### Task inputs ###

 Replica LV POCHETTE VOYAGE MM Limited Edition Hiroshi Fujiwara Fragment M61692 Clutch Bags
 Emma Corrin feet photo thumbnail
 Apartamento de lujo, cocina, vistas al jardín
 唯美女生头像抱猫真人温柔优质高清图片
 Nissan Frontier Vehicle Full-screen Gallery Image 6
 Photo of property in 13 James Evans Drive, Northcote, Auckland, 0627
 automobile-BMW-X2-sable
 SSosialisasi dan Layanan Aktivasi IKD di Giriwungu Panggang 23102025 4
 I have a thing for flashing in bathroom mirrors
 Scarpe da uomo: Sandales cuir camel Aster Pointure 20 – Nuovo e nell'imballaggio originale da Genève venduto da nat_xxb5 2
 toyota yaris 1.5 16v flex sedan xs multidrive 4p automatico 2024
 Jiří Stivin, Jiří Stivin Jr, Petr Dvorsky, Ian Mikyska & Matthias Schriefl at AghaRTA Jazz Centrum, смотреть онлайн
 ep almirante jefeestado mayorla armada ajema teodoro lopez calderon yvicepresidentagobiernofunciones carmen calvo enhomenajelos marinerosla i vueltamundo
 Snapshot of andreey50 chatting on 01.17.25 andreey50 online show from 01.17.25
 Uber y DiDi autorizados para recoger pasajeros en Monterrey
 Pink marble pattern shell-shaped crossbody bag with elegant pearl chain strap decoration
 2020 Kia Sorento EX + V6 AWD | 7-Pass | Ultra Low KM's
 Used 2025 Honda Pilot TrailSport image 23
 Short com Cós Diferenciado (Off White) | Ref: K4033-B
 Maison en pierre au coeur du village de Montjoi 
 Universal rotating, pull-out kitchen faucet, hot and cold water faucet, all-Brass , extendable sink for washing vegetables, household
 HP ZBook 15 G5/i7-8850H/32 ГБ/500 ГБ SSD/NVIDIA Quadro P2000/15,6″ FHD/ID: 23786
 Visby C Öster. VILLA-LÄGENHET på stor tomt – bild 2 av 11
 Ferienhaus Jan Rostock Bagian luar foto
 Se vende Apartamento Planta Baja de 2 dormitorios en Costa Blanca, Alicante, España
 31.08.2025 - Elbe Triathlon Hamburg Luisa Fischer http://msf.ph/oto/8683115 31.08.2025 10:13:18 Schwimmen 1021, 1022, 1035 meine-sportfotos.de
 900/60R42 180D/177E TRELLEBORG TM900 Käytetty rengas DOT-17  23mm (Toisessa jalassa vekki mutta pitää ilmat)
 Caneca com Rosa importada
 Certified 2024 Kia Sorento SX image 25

###

# Directions for this task
Give back exactly the lines from the line holding "Pink marble pattern" through the last line of the listing, including both.

# Answer section
 Pink marble pattern shell-shaped crossbody bag with elegant pearl chain strap decoration
 2020 Kia Sorento EX + V6 AWD | 7-Pass | Ultra Low KM's
 Used 2025 Honda Pilot TrailSport image 23
 Short com Cós Diferenciado (Off White) | Ref: K4033-B
 Maison en pierre au coeur du village de Montjoi 
 Universal rotating, pull-out kitchen faucet, hot and cold water faucet, all-Brass , extendable sink for washing vegetables, household
 HP ZBook 15 G5/i7-8850H/32 ГБ/500 ГБ SSD/NVIDIA Quadro P2000/15,6″ FHD/ID: 23786
 Visby C Öster. VILLA-LÄGENHET på stor tomt – bild 2 av 11
 Ferienhaus Jan Rostock Bagian luar foto
 Se vende Apartamento Planta Baja de 2 dormitorios en Costa Blanca, Alicante, España
 31.08.2025 - Elbe Triathlon Hamburg Luisa Fischer http://msf.ph/oto/8683115 31.08.2025 10:13:18 Schwimmen 1021, 1022, 1035 meine-sportfotos.de
 900/60R42 180D/177E TRELLEBORG TM900 Käytetty rengas DOT-17  23mm (Toisessa jalassa vekki mutta pitää ilmat)
 Caneca com Rosa importada
 Certified 2024 Kia Sorento SX image 25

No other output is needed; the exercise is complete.